Stored data entries:
# # # # # # #

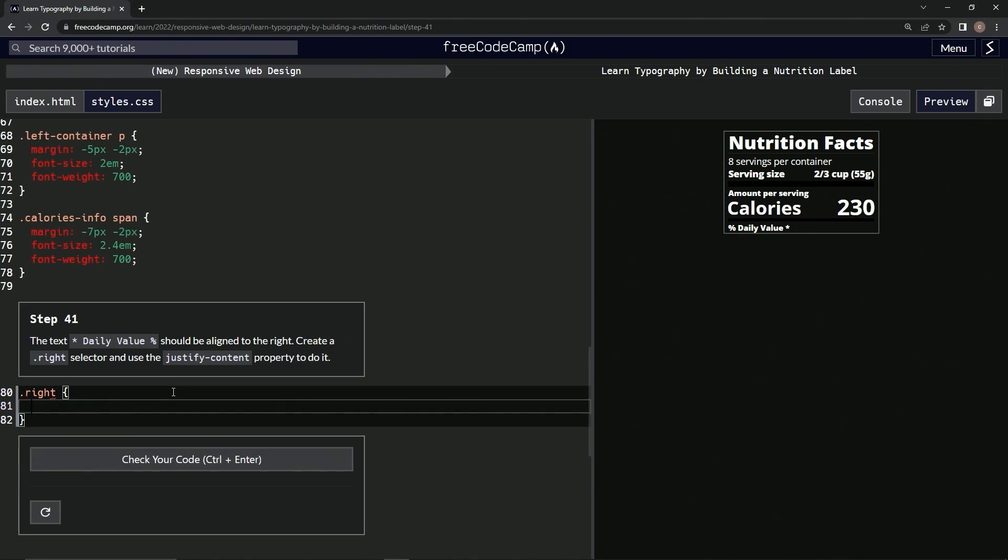Then we're going to do curly braces. We're going to say justify-content. I guess they're going to make us guess, and I'm just going to put right.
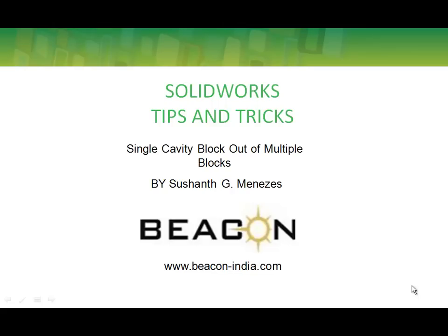Hello everybody, I am Sushant from Beacon. I will be showing you how to obtain a single cavity block in a mold from multiple cavities in an assembly.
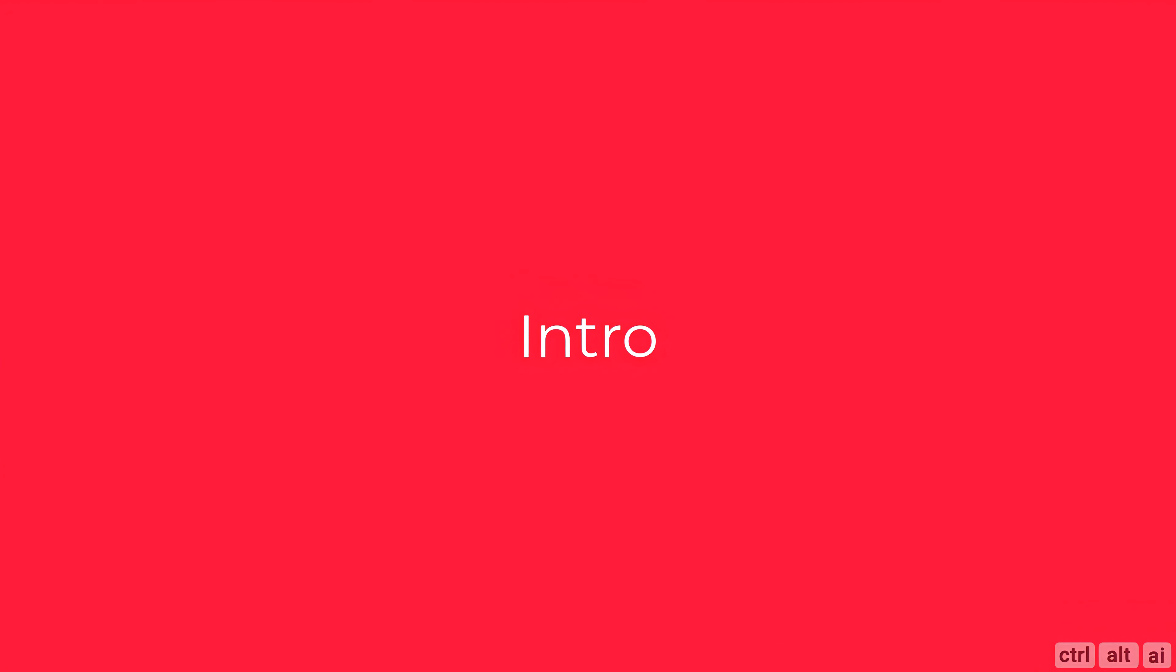Welcome back to the channel. In this video I will talk about what are the personal and business uses for any AI generated art tools.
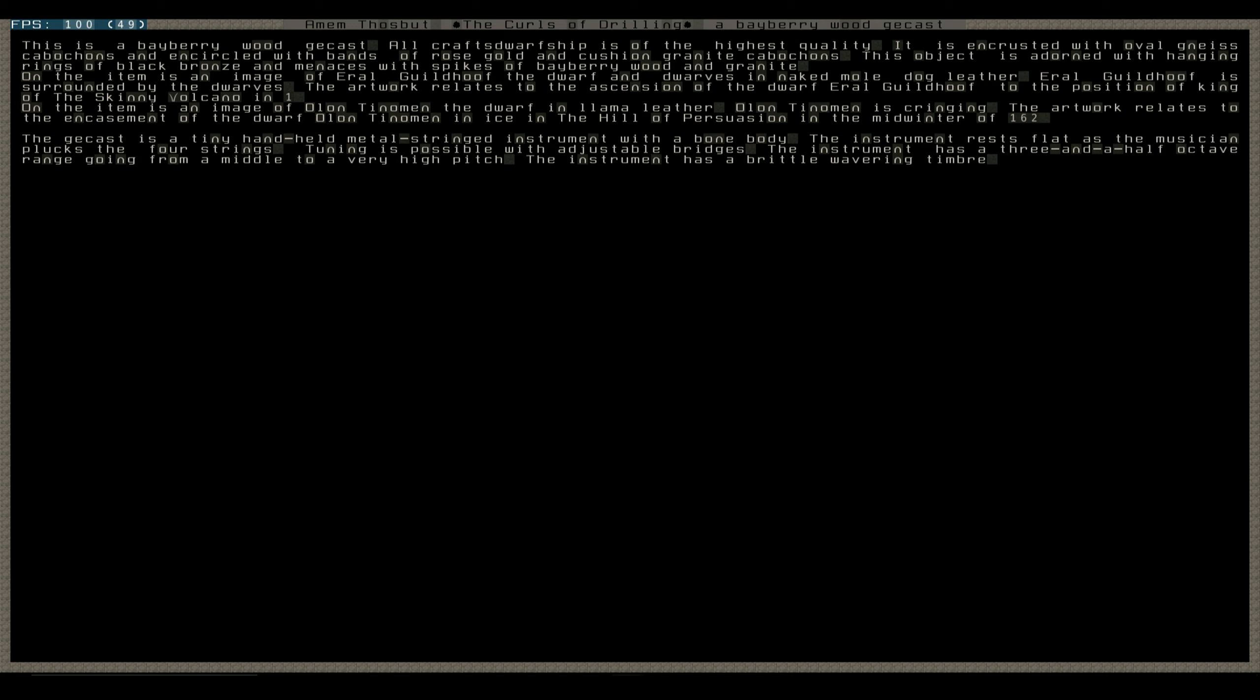For some reason, it's like my throat's trying, doesn't want me to let me talk. Earl Guildhoof is surrounded by the dwarves, the artwork relates to the ascension of dwarf Earl Guildhoof to the position of king in the skinny volcano in one. On the item is an image of Olen Tinelman, the dwarf in llama leather. Olen Tinelman is cringing. The artwork relates to the encasement of dwarf Olen and ice in the hill of persuasion midwinter of 162.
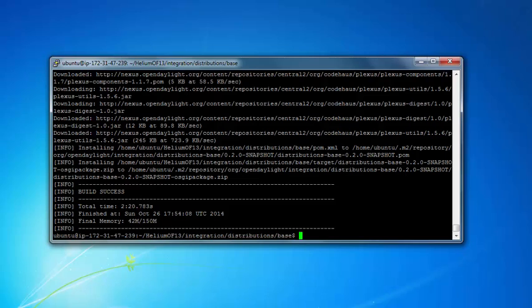Okay, it's done. As you can see, I stopped recording. It took about 2 minutes and 20 seconds to build the OpenDaylight controller and install.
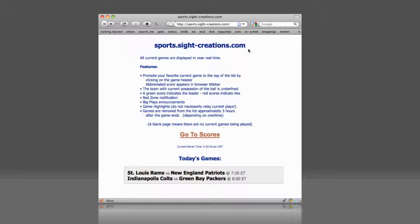You can promote your favorite game to the top of the list by clicking on the game title. Once a game has been favorited, its score will also appear as the browser's window title.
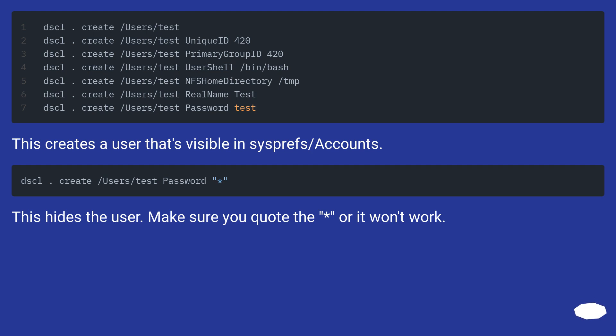This creates a user that's visible in System Preferences under Accounts. This hides the user. Make sure you quote the * or it won't work.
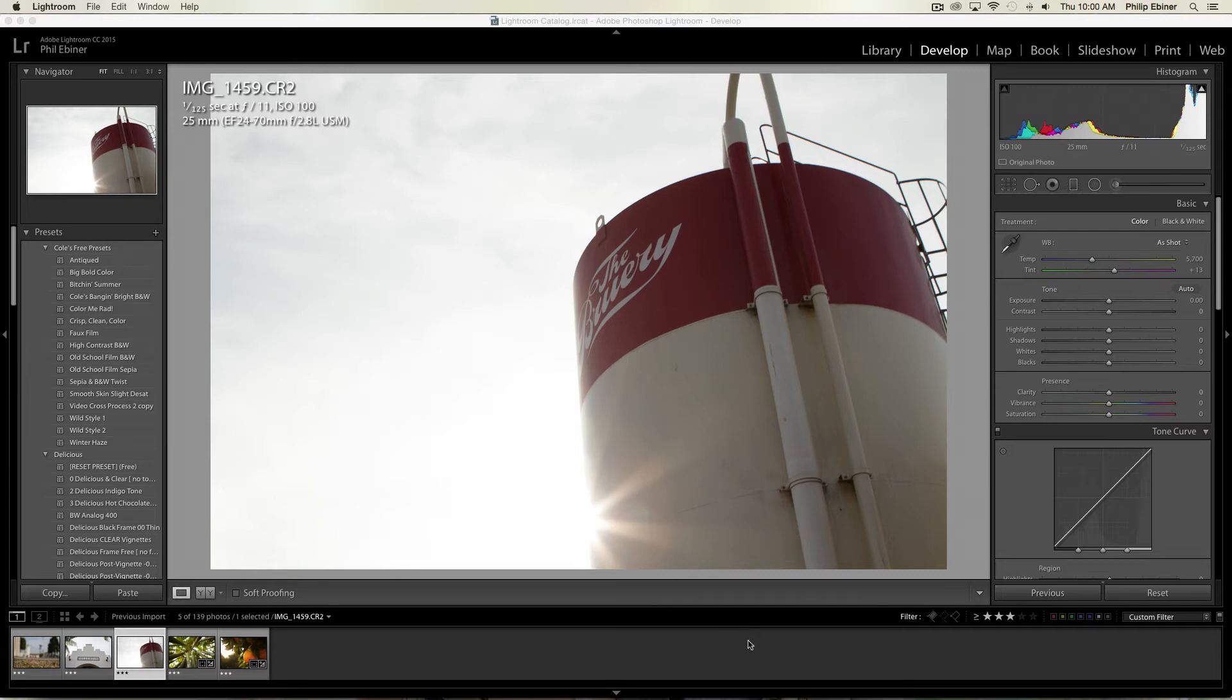Hey everyone, in this video I'm going to be editing this brewery tower shot. This is a local brewery in Placentia, right outside of Fullerton, California.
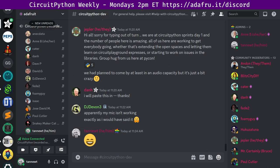Notes from Jeff: we are at CircuitPython sprints day one and the number of people here is amazing. All of us here are working to get everybody going, whether that's extending the open spaces and letting them learn on Circuit Playground Expresses or starting to work on issues in the libraries. Group hug from us here at PyCon.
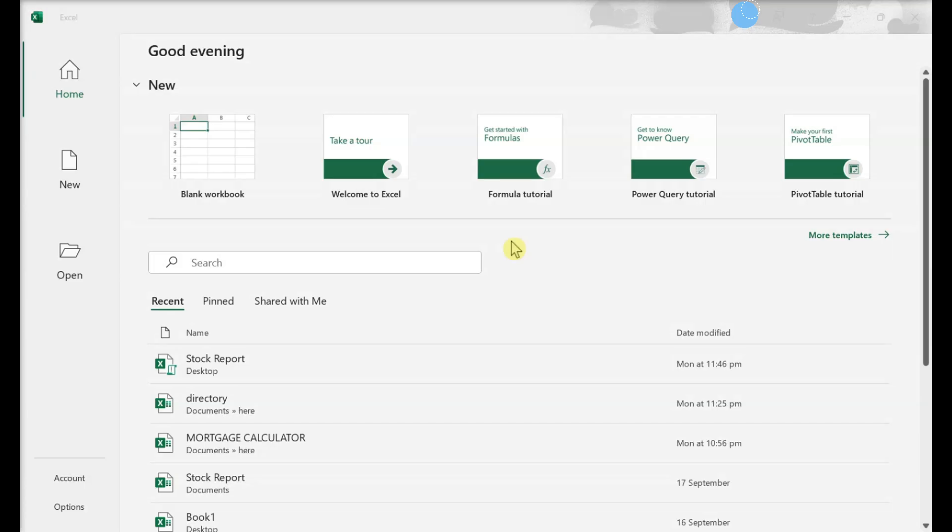This video teaches you how to recover and repair a corrupted Microsoft Excel file. Repairing the file.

# # # # # # #

Work item:
Exactly and only the lines from the top of the records down to the line containing "Okay, it's done." should be transcribed, please, without the pictures.

Response:
Then we're going to do curly braces. We're going to say justify-content. I guess they're going to make us guess, and I'm just going to put right.
Hello everybody, I am Sushant from Beacon. I will be showing you how to obtain a single cavity block in a mold from multiple cavities in an assembly.
Welcome back to the channel. In this video I will talk about what are the personal and business uses for any AI generated art tools.
For some reason, it's like my throat's trying, doesn't want me to let me talk. Earl Guildhoof is surrounded by the dwarves, the artwork relates to the ascension of dwarf Earl Guildhoof to the position of king in the skinny volcano in one. On the item is an image of Olen Tinelman, the dwarf in llama leather. Olen Tinelman is cringing. The artwork relates to the encasement of dwarf Olen and ice in the hill of persuasion midwinter of 162.
Okay, it's done. As you can see, I stopped recording. It took about 2 minutes and 20 seconds to build the OpenDaylight controller and install.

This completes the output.